Вот и это новое дарование, Достоевский, совсем еще мальчик, робкий, нервный, тоже, конечно, влюбился в нее... Он сейчас ошеломлен своим первым успехом, первыми похвалами таких известных литераторов — как тут не закружиться голове. И как наивно-откровенно он смотрит на нее влюбленными глазами, совсем еще не умеет владеть собой, так явно высказывает свое авторское самолюбие, гордость своим талантом перед другими, нелегко ему будет в кругу любящих посмеяться, попытать вновь принятого в свою среду колкими, а то и ядовитыми шутками; заметят его самолюбие — перемоют все косточки... Не так ли — три года уж пришло — впервые привел в их дом Белинский и Некрасова — тоже совсем еще молодого, робевшего, постоянно сутулившегося и забавно подносившего руку к едва заметным усам. А теперь вон какие усы отрастил! И любит ее безнадежной — впрочем, может, еще и нет? — любовью. Правда, он и тогда выглядел много старше своих лет, а было-то ему всего двадцать один год. А ей двадцать три... Достоевский ровесник ему, но посмотреть — совсем мальчик перед ним.
Спустя год Авдотья Яковлевна стала гражданской, как тогда говорили, женой Некрасова. Потрясение Достоевского было не столь уж долгим, но бурным. Потрясения творцов уходят в их творения, чтобы потом дать возможность людям еще и еще раз пережить пережитое ими.
2. Испытания
Как-то за одну ночь он написал рассказ «Роман в девяти письмах». В самом конце 1845-го читал на квартире Белинского главы своего «Двойника» — Белинский был в восторге, и на остальных роман, произвел впечатление. Перебрался на новую квартиру, в угловой дом купца Кучина, что у Владимирской церкви.

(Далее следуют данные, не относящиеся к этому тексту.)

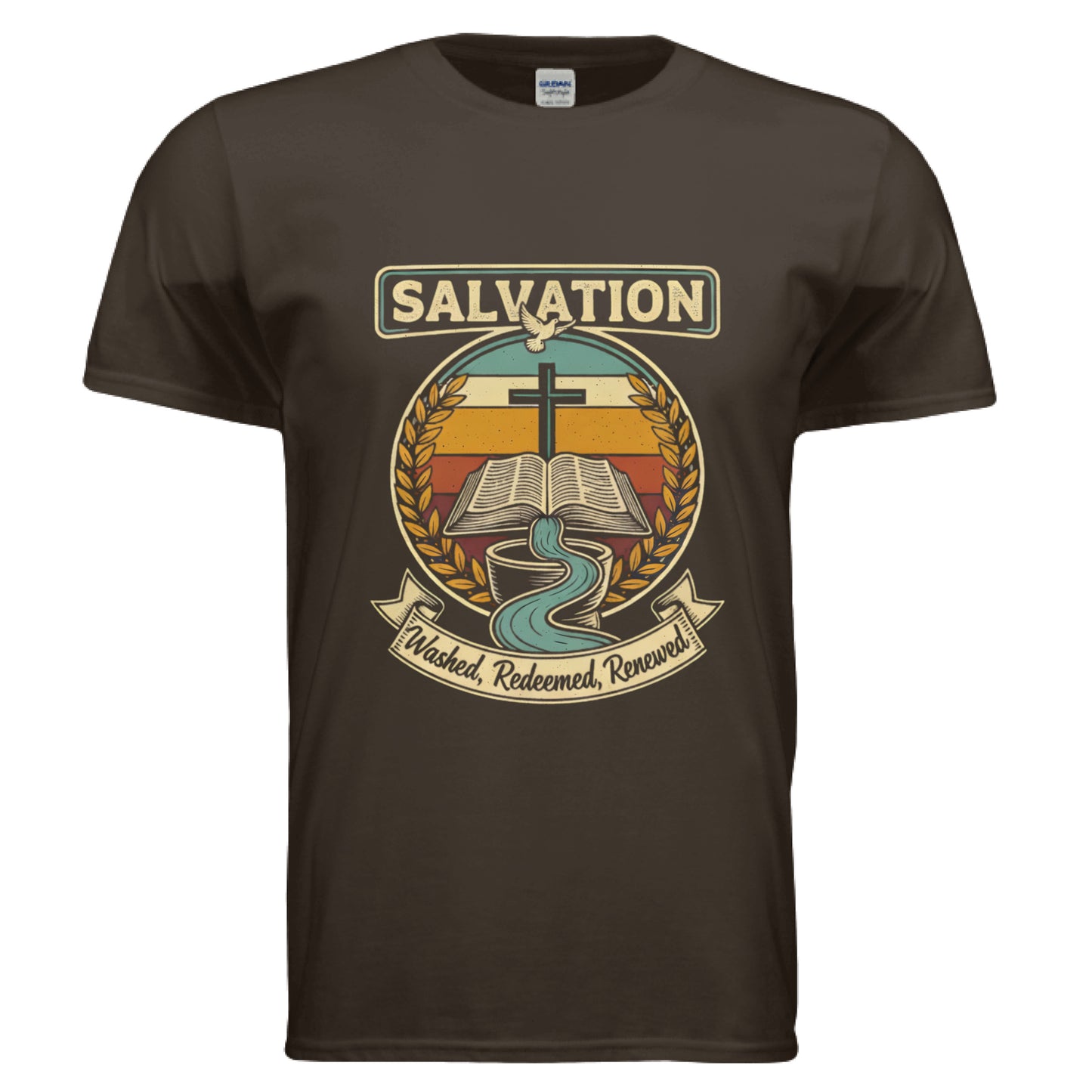 Salvation Washed Redeemed Renewed Faith T-Shirt DARK CHOCOLATE Salvation Clothing and Accessories Apparel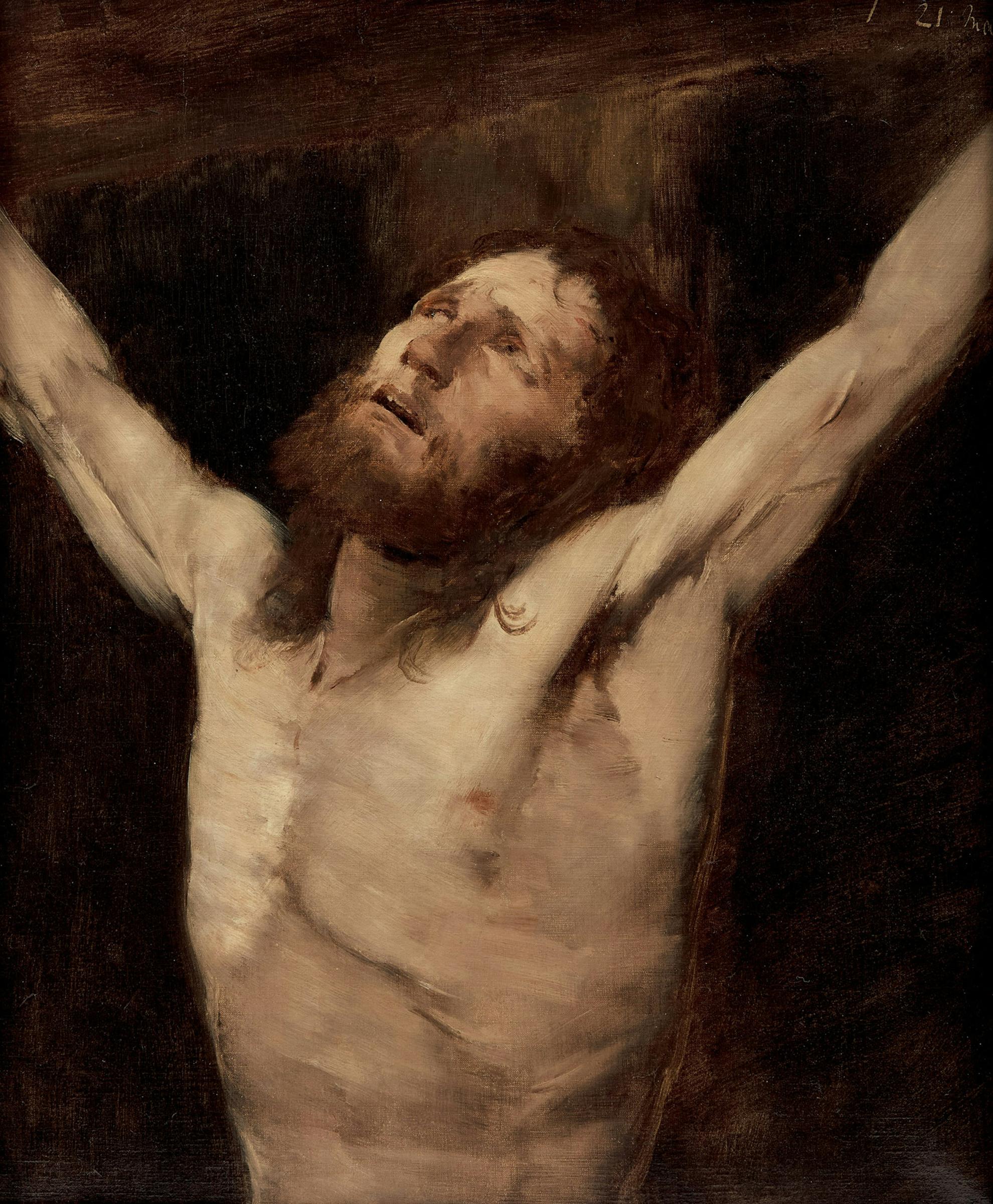 Mihály Munkácsy (1844-1900) - Study of the Head and Upper Body of Christ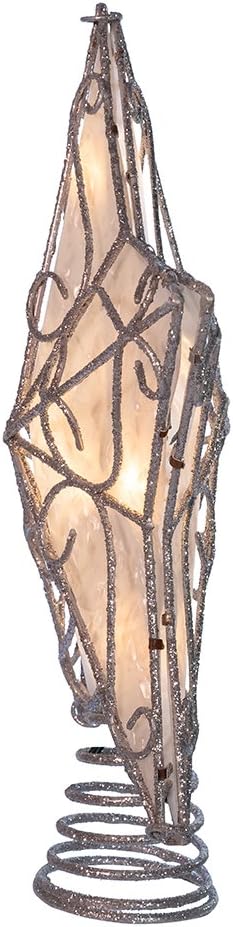 Kurt Adler UL 10-Light Metal Trimmed Capiz Inspired Star Treetop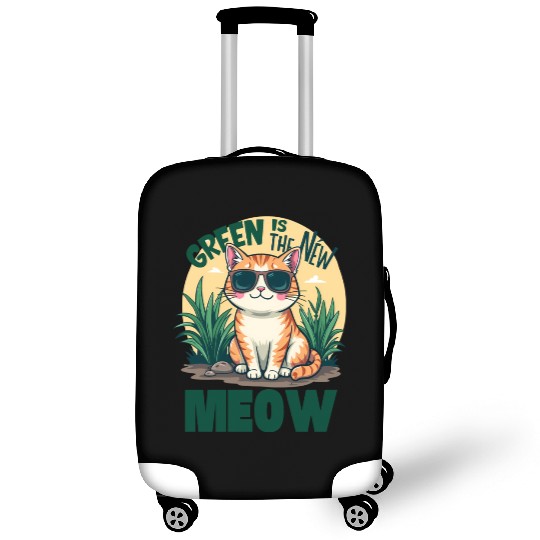 Cool Cat with Sunglasses Green Is the New Meow Luggage Covers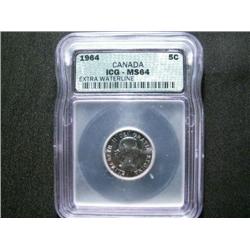 1964 Extra Water lines  5¢  ICG MS64.  Scarce in this condition!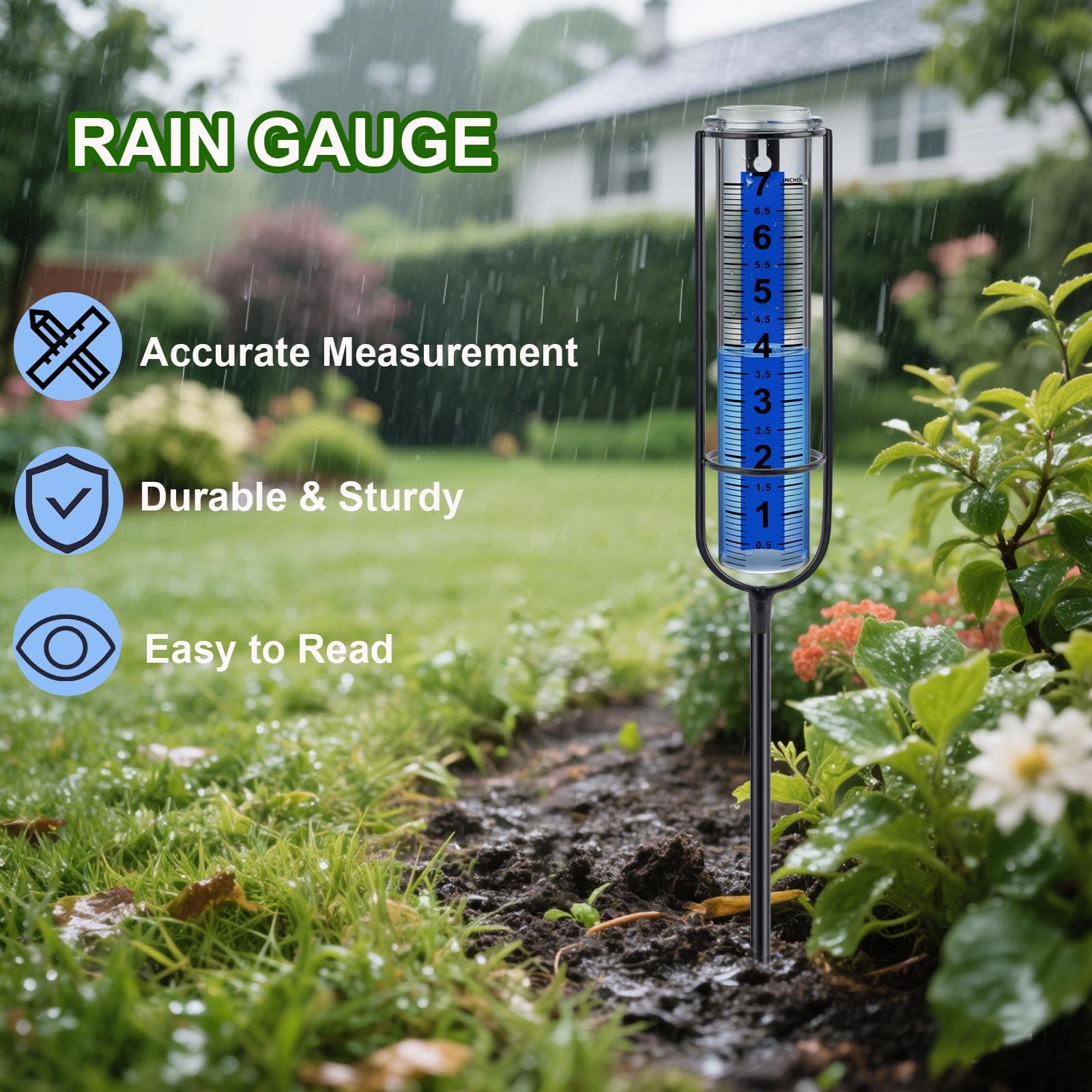 Ricihene rain gauge decorative display for garden, deck, or yard.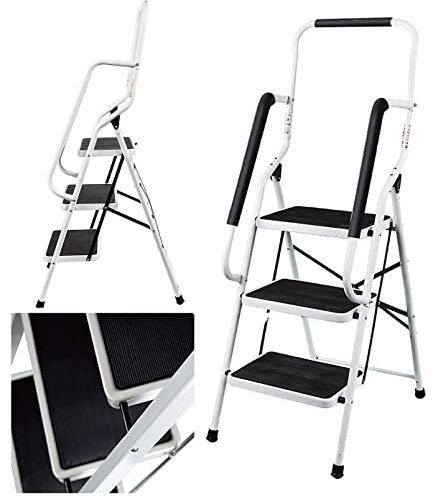 Tragbare Leiter Haushalts-Trittleiter mit Handlauf Anti-Rutsch-Matte Faltbare Design-Leiter 3-Stufen-Leiter für Küchengarten Hochleistungs-tragbare multifunktionale Trittleiter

15 января 1846 года наконец появился столь жданный им «Петербургский сборник»; открывали его «Бедные люди», хотя в сборнике участвовали известные уже литераторы: Тургенев выступил здесь с рассказом в стихах «Помещик» и повестью «Три портрета», Владимир Одоевский с повестью «Мартингал», здесь же были помещены стихи Некрасова «В дороге», «Пьяница», «Отрадно видеть...», «Колыбельная песня», стихотворение Владимира Соллогуба и поэма Аполлона Майкова «Машенька», переводы из Шекспира, Гёте, Байрона; статья Герцена, выступавшего под псевдонимом Искандер, «Капризы и раздумья»; очерки Панаева. Заключала сборник статья Белинского «Мысли и заметки о русской литературе».
А через несколько дней, 28 января, Достоевский завершил и второй свой роман, работа над которым буквально измучила его, но он слишком рассчитывал на него, ему необходимо было доказать, что его «Бедные люди» не случайный метеор, одиночная вспышка таланта, но только первый шаг, за которым последует нечто еще более значительное.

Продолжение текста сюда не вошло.